Time of day for performance
Afternoon into night
History of site and related water issues
Our issues of focus are those that relate to the health and wellbeing of marine life in the ocean off our coastline. As a result of pollutants in the marine environment, the dolphins are experiencing lesions and other stresses. We are dancing for the health and protection of cetaceans and all marine life immersed in these Pacific waters. The dolphins are a celebrated icon of our city, and we dance for the restoration of their pristine waters.
The Music
Recordings of whalesong, ambient water sounds (water gourds.)
The Performance
Mary Lee Sanders’s GWD contribution was part of her larger project, Wolfwalks and Waterdances (a dance odyssey), “a tandem migranting movement meditation for, and with, Nature.” On June 15, she danced at several sites near Santa Barbara, California, moving with fishermen, beachwalkers, an egret, hummingbirds, crows, and a hawk.

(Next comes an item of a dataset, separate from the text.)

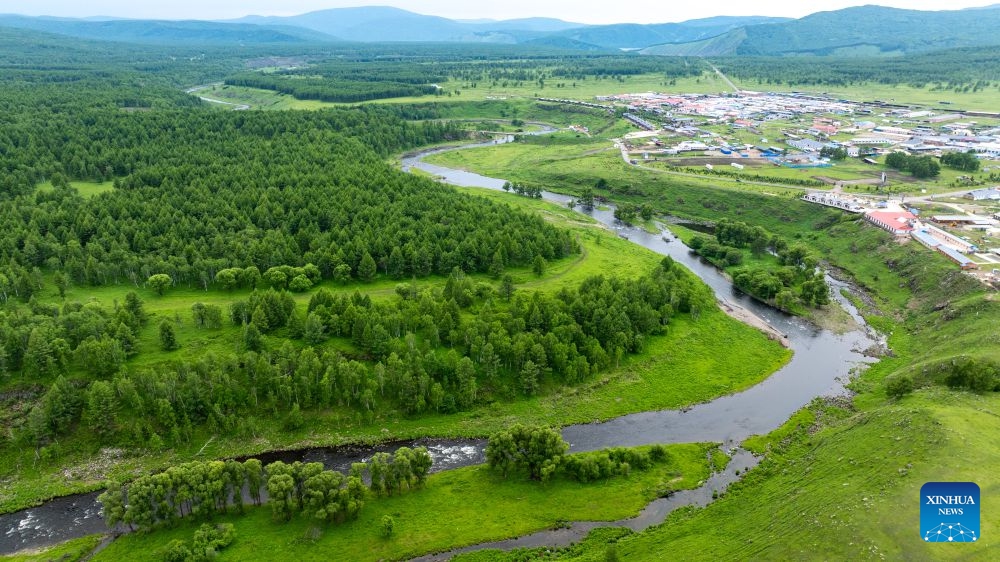 An aerial drone photo taken on June 27, 2026 shows the summer scenery of the Arxan National Forest Park, Hinggan League, north China's Inner Mongolia Autonomous Region. (Xinhua/Bei He)


At the Harbor Seal Rookery, Mary Lee “watched them [the seals] leap and play in the surf, steal kisses from one another, return with friends. When I completed my dance, they danced for me. Not anthropomorphism…this was exhilarating communion and exchange!”
See the document below for a full account of the intentions and outcomes of Sanders’s project:
WolfWalks and WaterDances incl. Global Water Dances 2013
Directions to site of the performance
On June 15h the “site” was migrating on the water, visible from many shoreline sites and water vessels.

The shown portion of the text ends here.